━━━━━ RECORDS SHOWN

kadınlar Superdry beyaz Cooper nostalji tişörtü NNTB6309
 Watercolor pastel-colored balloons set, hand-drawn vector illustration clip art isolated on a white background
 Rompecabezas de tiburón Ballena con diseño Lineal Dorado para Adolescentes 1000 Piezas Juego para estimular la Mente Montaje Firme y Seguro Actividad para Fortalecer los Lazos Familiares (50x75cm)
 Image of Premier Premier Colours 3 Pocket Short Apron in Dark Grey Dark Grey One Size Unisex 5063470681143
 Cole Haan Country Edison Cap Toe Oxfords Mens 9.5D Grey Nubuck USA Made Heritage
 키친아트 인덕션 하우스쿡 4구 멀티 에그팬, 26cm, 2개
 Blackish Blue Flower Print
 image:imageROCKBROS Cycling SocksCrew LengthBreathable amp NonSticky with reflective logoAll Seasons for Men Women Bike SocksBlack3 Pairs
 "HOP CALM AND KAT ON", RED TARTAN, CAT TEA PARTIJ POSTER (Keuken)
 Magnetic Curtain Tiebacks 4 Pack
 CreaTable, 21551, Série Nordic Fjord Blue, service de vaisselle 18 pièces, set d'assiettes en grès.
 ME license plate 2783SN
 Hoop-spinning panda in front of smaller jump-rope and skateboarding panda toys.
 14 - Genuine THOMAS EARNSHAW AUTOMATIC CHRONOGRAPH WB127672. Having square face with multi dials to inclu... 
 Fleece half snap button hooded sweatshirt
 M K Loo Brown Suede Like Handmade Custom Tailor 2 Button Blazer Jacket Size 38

━━━━━━━━━━

PROBLEM REQUIREMENTS: Which lines in the material above include the string "Grey"? Pull them out.

SOLUTION TO THIS TASK:
 Image of Premier Premier Colours 3 Pocket Short Apron in Dark Grey Dark Grey One Size Unisex 5063470681143
 Cole Haan Country Edison Cap Toe Oxfords Mens 9.5D Grey Nubuck USA Made Heritage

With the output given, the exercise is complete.